After buying big at the trade deadline, where does the Yankees’ roster rank among baseball’s best?

New York Yankees v Houston Astros Photo by Bob Levey/Getty Images

Most rebuilds take longer than a year. The Astros famously tanked and lost 110 games a season for years at a time. The Phillies fell off in 2012 and have been stuck in the mud ever since. Even the Cubs, who executed a teardown as efficiently as anyone, were pitiful for years under Theo Epstein before returning to playoffs in 2015.

Not so in New York. Brian Cashman and the Yankees sold several productive players last year, and in less than 12 months, the team is a contender yet again. Not only are the Bombers a threat right now, the farm system's best prospects are still in the organization, and the club's books remain clear enough for a potential foray into the fabled 2018 free agent class.

What might be lost in the furor of the Yankees' sudden shift back to contention is just how strong this current roster is, and how that strength can remain going forward. It's not enough to say that the Yankees are buyers again, that they have quickly changed gears from retooling to contending. Let's put into concrete terms just how good this team is in comparison with the league's other top contenders.

First, to best contextualize where the team is now, it helps to remember whence they came. This was a club for which mediocrity was the expectation. FanGraphs’ projections pegged the team for 79 wins at the beginning of April. Baseball Prospectus’ PECOTA called for 81 wins. There was nothing shameful about such middling expectations, not with the team fresh off a selling spree. It was clear, though, that they were expected to fall towards the middle of the American League pack.

Of course, the team is now in first place in the AL East. Beyond that, the Yankees are deserving of every bit of success they've enjoyed, at least insofar as their on-field performance has justified their record. Their run differential of +118 is third best in MLB. Their BaseRuns run differential, which FanGraphs calculates to estimate how many runs a team "should" score based on their underlying numbers, is +119. That’s good for fourth in MLB.

The Yankees have a good record because they have played quality baseball.
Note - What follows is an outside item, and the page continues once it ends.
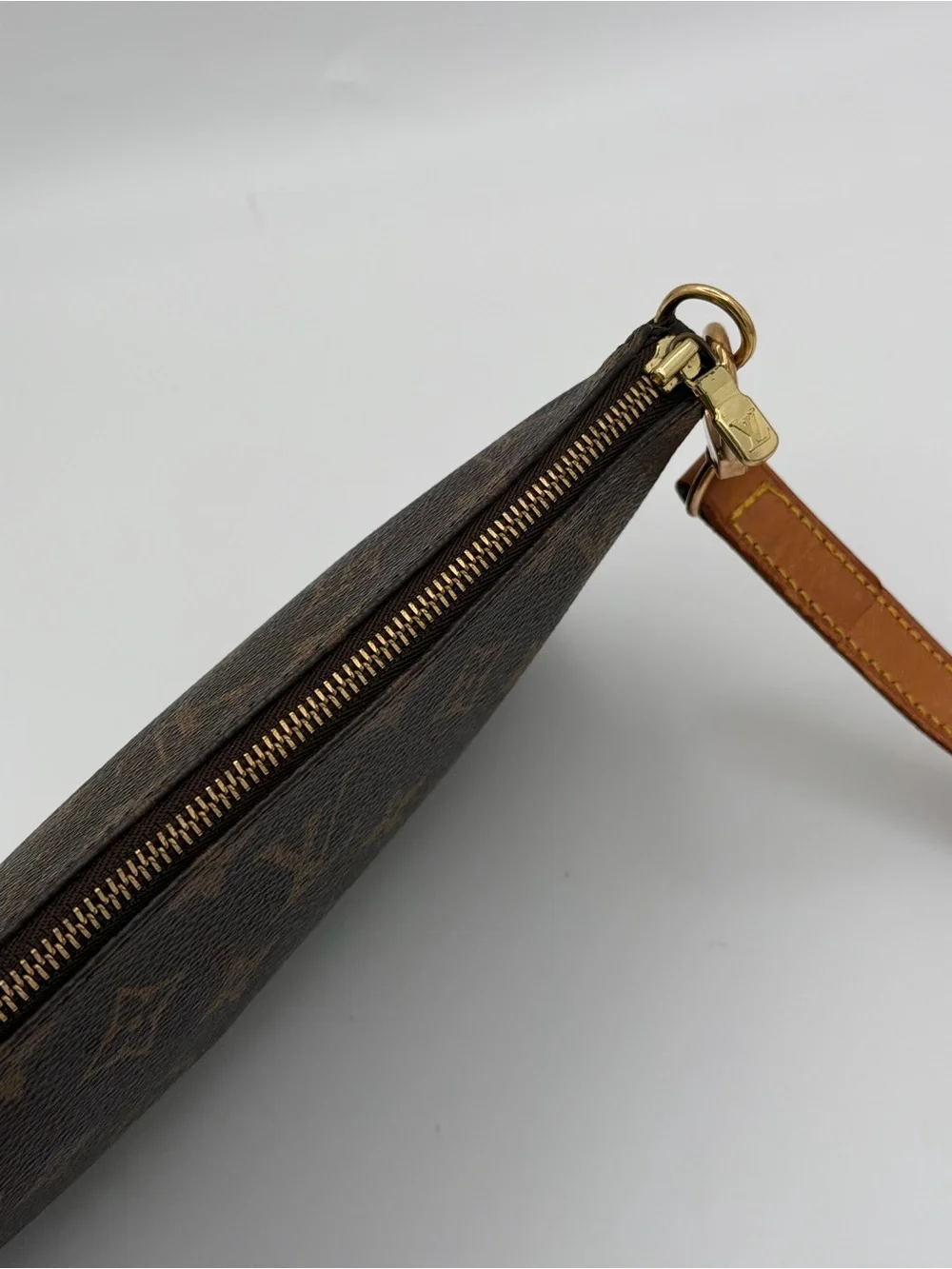 Louis Vuitton Monogram pochette GM with Louis Vuitton strap 😍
What we care about most now is how good they should be from here on out. Most important at this point is where the team ranks among the game's elite in terms of talent. There's no perfect way to gauge true talent, but projections always provide a useful baseline. Here, from FanGraphs, is where the Yankees rank in rest-of-season projected WAR:

Rest of Season WAR

Team Projected WAR
Team Projected WAR
Dodgers 18.6
Indians 18
Cubs 17.2
Red Sox 16
Astros 15.8
Yankees 15.6
Nationals 15
Cardinals 13.2

By FanGraphs' projections, the Yankees aren't quite on the level of teams like the Dodgers, but instead nestle snugly in that second tier of elite teams. They’re among other legitimate contenders like the Nationals and Astros. This is excellent news. Even as the Yankees beat expectations over the season's opening months, the projections consistently called for regression. The forecasts no longer expect that, and instead estimate the Yankees' talent to be enough to compete with nearly anybody.
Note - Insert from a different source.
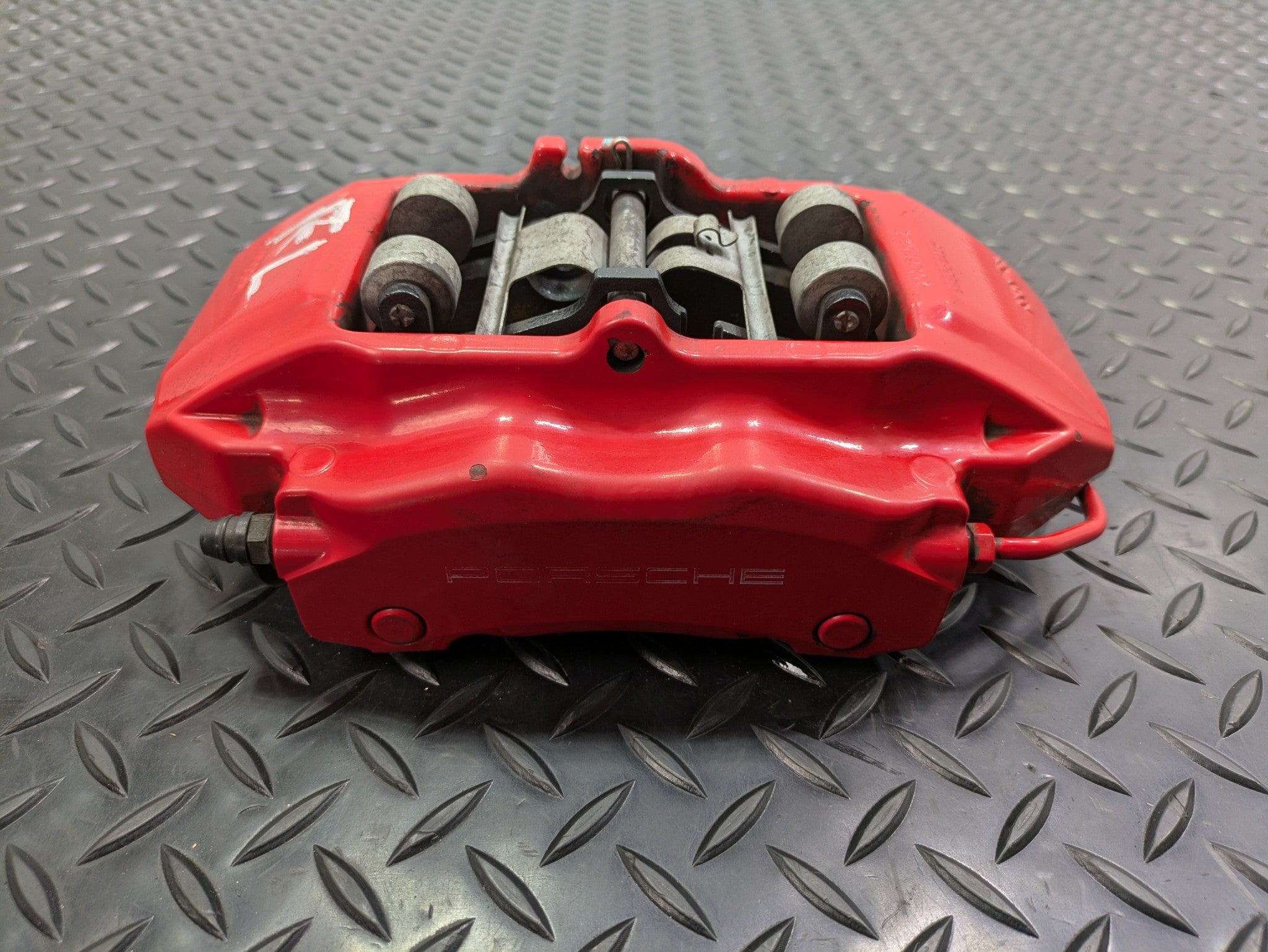 2006 - 2008 OEM PORSCHE CAYMAN FRONT LEFT DRIVER SIDE BRAKE CALIPER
Turning to PECOTA, here's how the Yankees' rank in terms of forecasted winning percentage the rest of the way, based solely on PECOTA's WARP projections:

Rest of Season WP per PECOTA

Team Projected WP
Team Projected WP
Dodgers 0.612
Astros 0.584
Indians 0.579
Nationals 0.566
Yankees 0.558
Cubs 0.558
Diamondbacks 0.539
Red Sox 0.523

Again, the Dodgers appear on top and profile as the favorites, but the Yankees slot nicely in the upper crust. PECOTA has them as solidly above the rival Red Sox, which seemed pretty unlikely just four months ago.

The most exciting part is that the Yankees appear well positioned to stay in the league’s upper tier. They do have a handful of free agents after this season, such as CC Sabathia, and newly imported Jaime Garcia and Todd Frazier. They’re more solid veterans than stars, though, and the money that's coming off the books makes it very possible to replace their outgoing production.

Moreover, even if some of this year's big surprises (Aaron Judge, Starlin Castro, Aaron Hicks) are bound to regress next season, there are plenty of places the Yankees could see positive regression. They could see better health from Greg Bird, Didi Gregorius, Gary Sanchez, as well as from Castro and Hicks. If Masahiro Tanaka stays put, he would be expected for a rebound year. Full seasons from Sonny Gray and Clint Frazier couldn't hurt, and neither would further contributions from a still deep farm system.

Of the other elite teams, only the Dodgers and Astros have the kind of prospect and financial resources to match the Yankees’ future outlook. The Nationals have a number of huge free agents that could leave the next couple years; Cleveland has to deal with playing in a small market; and the Red Sox have a talented team but an exhausted farm system. If all goes well, the Yankees could open up a window of contention similar to what the Dodgers have done in recent years.

If anything, the biggest concern going forward may be the schedule. Matt noted last week how difficult the Yankees' upcoming slate was, as it is littered with matchups against tough foes like Cleveland and Boston. The Yankees may have as talented a roster as anyone, but having to face a schedule of talented opponents does make the path to October more fraught.

Even if the Yankees have to worry about a tough schedule, though, they don’t have to fret about any lack of talent. This team has put together a strong resume so far, and they are equipped to continue that good work all year. The talent is on hand, in the here and now, and the rebuild is over. All that is left is for the Yankees to execute on the field.